(EXTRACTED ENTRIES):
****************************************
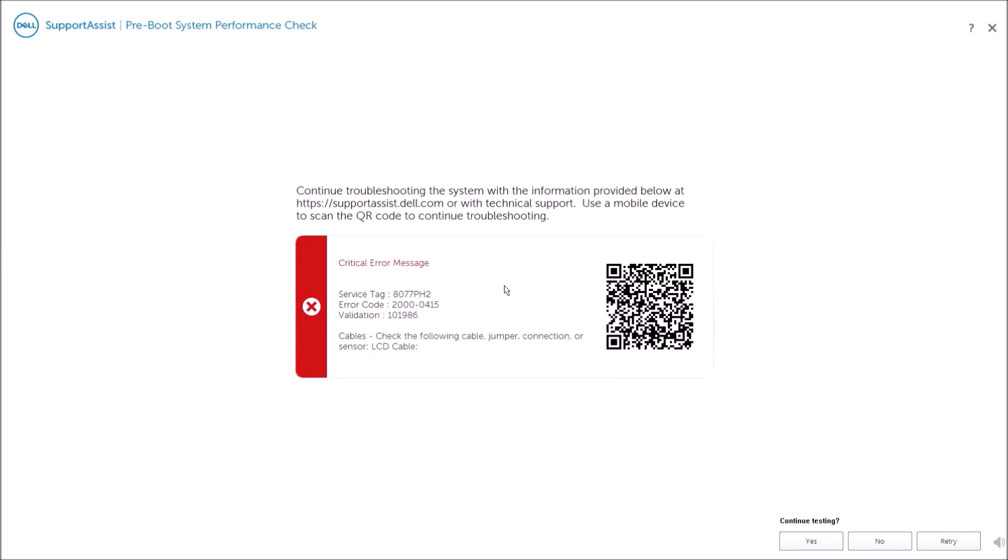So the diagnostics don't expect this so I get this error message. If I had the laptop lid open I wouldn't get this error message but you wouldn't see any diagnostics on the recording device. It's actually pretty useful in terms of this tutorial video because it gives you the critical error message, the service tag, the error code and the validation which you would need to pass on to Dell. It also gives you a QR code.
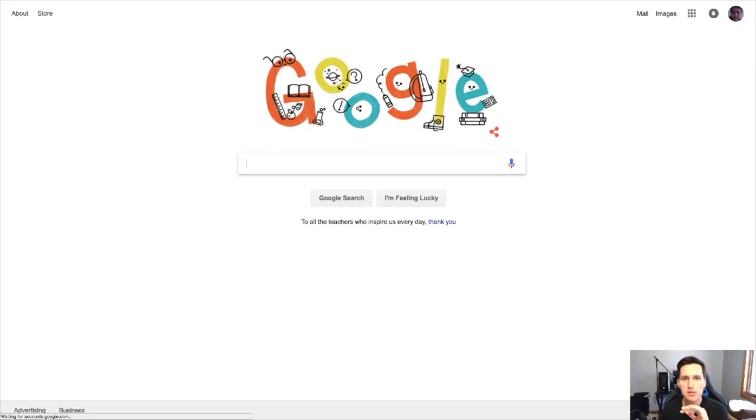But anyways guys, you came here to learn how to make $500 every day with Google. Let's go ahead. Let's hop on the computer and break this down. Alright guys, so let's get into this.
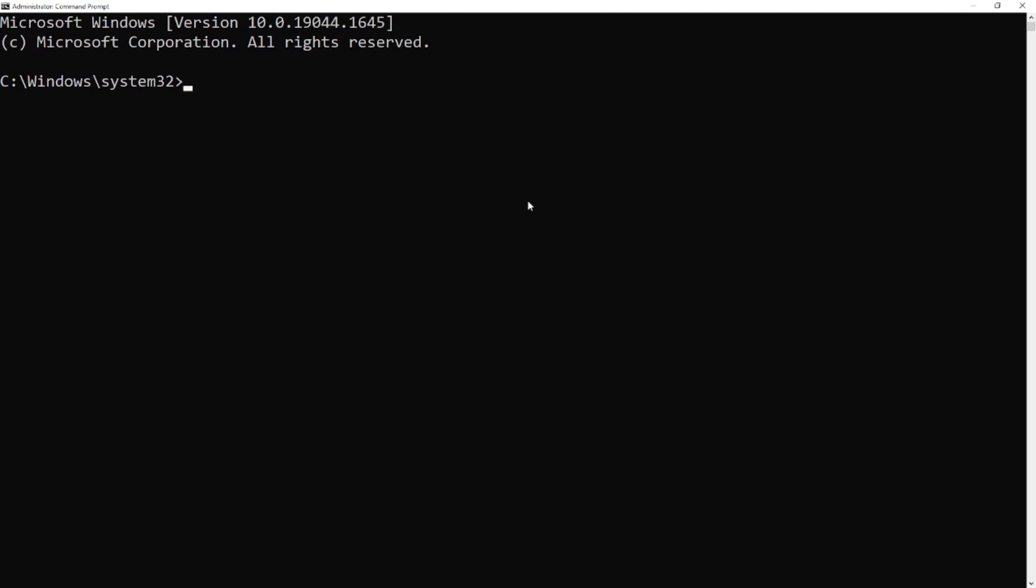Here I am using 16.15.0 of Node.js. Now open any browser and type nvm for windows.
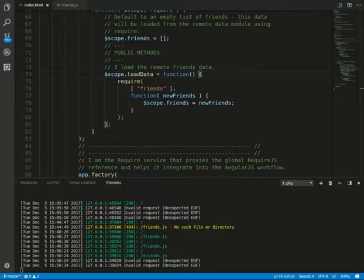...it also ensures your require statements are properly handled in the lifecycle. To see this in action, we have logs here. The require here is our service in AngularJS - it's a factory.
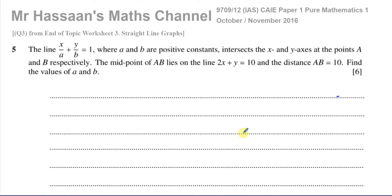Welcome back. This is Mr. Hassan's Maths Channel. I'm now answering question number five from the October-November 2016 Cambridge International A-Level 9709, Paper 1, Variant 2. This is a question which is also from one of my end-of-topic worksheets on straight line graphs — specifically question three from that worksheet.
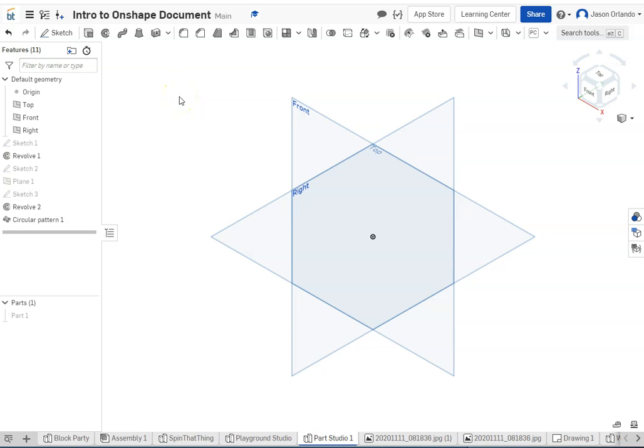Hey, welcome to a short video here in Onshape where we are going to look at using the planes tools just to create planes that are not already in your graphic window or ones that you can reference. So we obviously get these origin planes, the front, the top, the right to begin with, but you are not always going to want to stick with those.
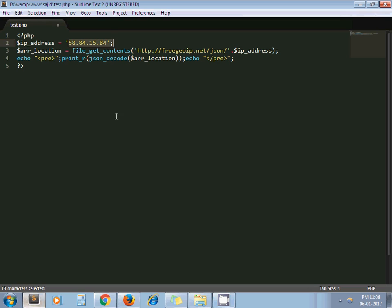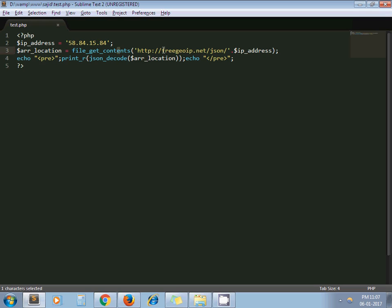And this is their web service. So to this URL I just need to pass my IP address. Now I use file_get_contents. This web service returns the details in JSON format. So I json_decode it and print it.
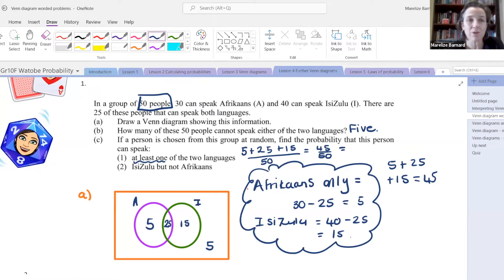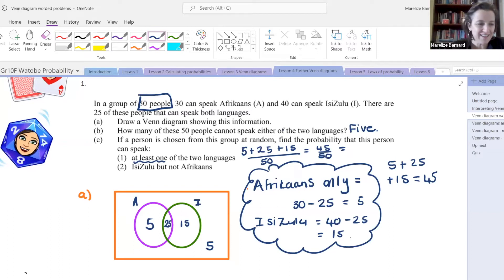Just writing 25 is not enough — we are doing probability, which means we take the number and divide it by the total. At least one of the 2 languages means the people who can only speak Afrikaans, plus the people who can speak both, plus the people who can only speak IsiZulu. Add that all up and put it over 50 — you get 45 over 50.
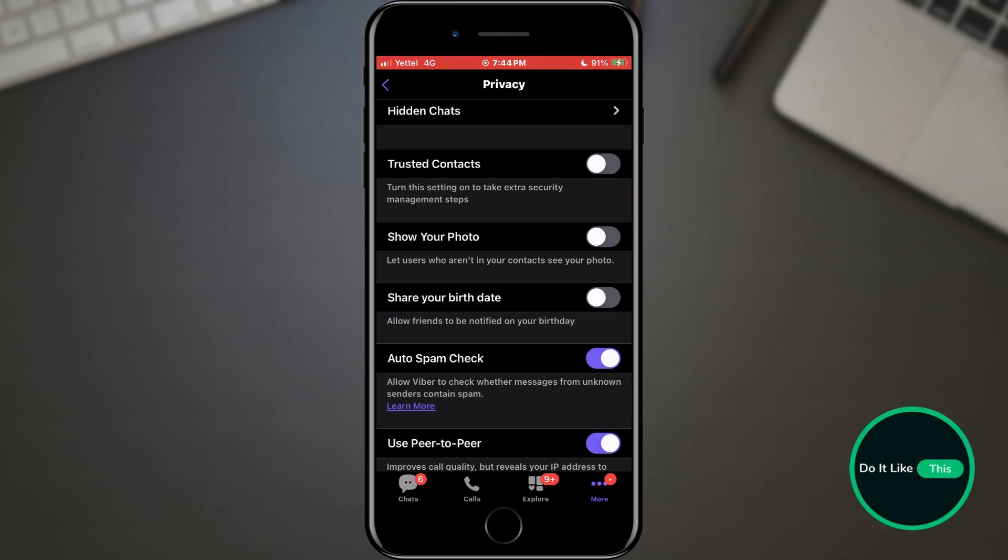And that's it for this video. In this way, you can manage your date of birth on Viber and its visibility.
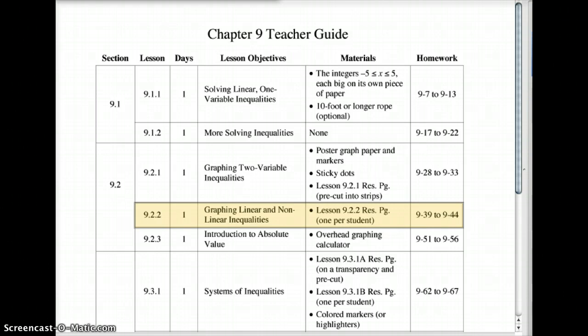All right, today you're doing lesson 9.2.2. You've been learning how to graph equations with both a y and an x variable, and how those linear graphs look and which side to graph. This time, we're going to look at graphing not just linear but also nonlinear inequalities. So there's your purpose for what we're doing today, and let's get started.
****************************************
(WHAT IS NEEDED):
To complete this exercise, transcribe exactly the lines above from the one that holds "Just writing 25" through the one that holds "And that's it". Pictures stay out.

(EXERCISE RESULT):
Just writing 25 is not enough — we are doing probability, which means we take the number and divide it by the total. At least one of the 2 languages means the people who can only speak Afrikaans, plus the people who can speak both, plus the people who can only speak IsiZulu. Add that all up and put it over 50 — you get 45 over 50.
And that's it for this video. In this way, you can manage your date of birth on Viber and its visibility.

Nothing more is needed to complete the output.